Natstats opened on Wednesday evening and had its first full day today. For those who aren’t aware, it’s a conference all about statistics organized by the Australian Bureau of Statistics, with the theme of this event being around “Measuring what counts: economic development, wellbeing and progress in 21st century Australia”. It’s only the second time it has been staged but judging by the success thus far and quality of speakers, certainly not the last. I’ll leave official reports of talks etc to others but I would like to share some stories from people I’ve had the pleasure of talking with during the conference today. I invite attendees to add their own stories in the comments section.

Landlines

Here’s an odd one to start with. Associate Professor Warren Laffen works in the Institute for Social Science Research, which is part of the University of Queensland. He is involved in a huge range of research projects and one in particular caught my interest. It’s a study they only recently commenced comparing profiles of people who have only mobile phones to those who use only landlines. Why would you want to do that? Well, apparently some phone surveys only use landline numbers and the idea behind this research is to find out how the results of such surveys might be biased because of this. It struck me as rather obscure but at the same time, I could understand the purpose and value in running such a study. It’s the same with many stats collected – they may not be of value to us all but for some, they are very important and meaningful. I formed a picture in my mind of the “landliners”: homely elderly folk sitting around knitting and never having churned from Telstra to another provider, let alone considered moving to a mobile. I was a little surprised when I sat down for the Natstats dinner this evening and discovered that my 20-something year old neighbor and her husband, both with white collar jobs, living in Hobart, had only one landline to share at home and no mobiles.
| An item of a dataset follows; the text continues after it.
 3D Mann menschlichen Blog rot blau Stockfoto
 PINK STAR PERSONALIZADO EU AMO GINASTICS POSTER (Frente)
Wikiprogress Crowd Sourcing

Philippa Lysaght from OECD introduced me to an intriguing idea for a statistical Web site in Wikiprogress. Partially funded by OECD, but also from many independent supporters, the idea behind this innovative site is to measure progress of societies from around the world. Read more about what it’s all about here. Being a wiki, it gathers statistics from any members of “the community” who choose to contribute. There are various indicators based on official stats on the site, as well as data created and shared by individual researchers, academics and the like. An obvious question statisticians would have about this is how the quality of the data is ascertained if everyone has the freedom to contribute. Well, that’s part of the challenge for Wikiprogress and something that Philippa said they are working hard to keep on top of. They certainly have plenty of officially sourced statistics that have been contributed, and working out reasonable ways of accepting and presenting statistics from related (or not) communities is something that they are managing so far. Perhaps they might help us to find a middle path that can help reconcile the gap between official and community statistics (see the earlier post about community koala data vs official sources), especially given there are so many things we want to count and only so many statistical organizations around to do the work.

Twitter

Another interesting thing to see was the level of Twitter use at the conference. Jeanette Cotterill, who was the lead person at ABS responsible for organizing the event (well done, Jeanette and team!!), explained that there had been some concerns about making Twitter an official part of Natstats communications, but the decision was taken that it was a good opportunity to engage with people and indeed, so far there has been some happy Tweeting from a number of participants, as well as from the official @Natstats2010 Twitterer. Seeing as it’s a stats conference, I’d be remiss if I didn’t note something about Twitter use in stats: there were 10 unique people on Twitter on this first day tweeting about Natstats, out of an overall attendance of around 500. Maybe someone can work out how that profile compares to the proportion of Twitter users in the population at large: are Natstats attendees more or less likely to use Twitter than other folk?

Trust

I’ll close with another statistic, this one from the ABS chief statistician, Brian Pink. He noted that 92% of the Australian public trust official statistics. Oddly enough, that stat doesn’t come from the ABS but from an independent survey that the ABS has commissioned to find out more about public opinion around official statistics. You’ll have to wait for World Statistics Day on October 20 to find out more about the results.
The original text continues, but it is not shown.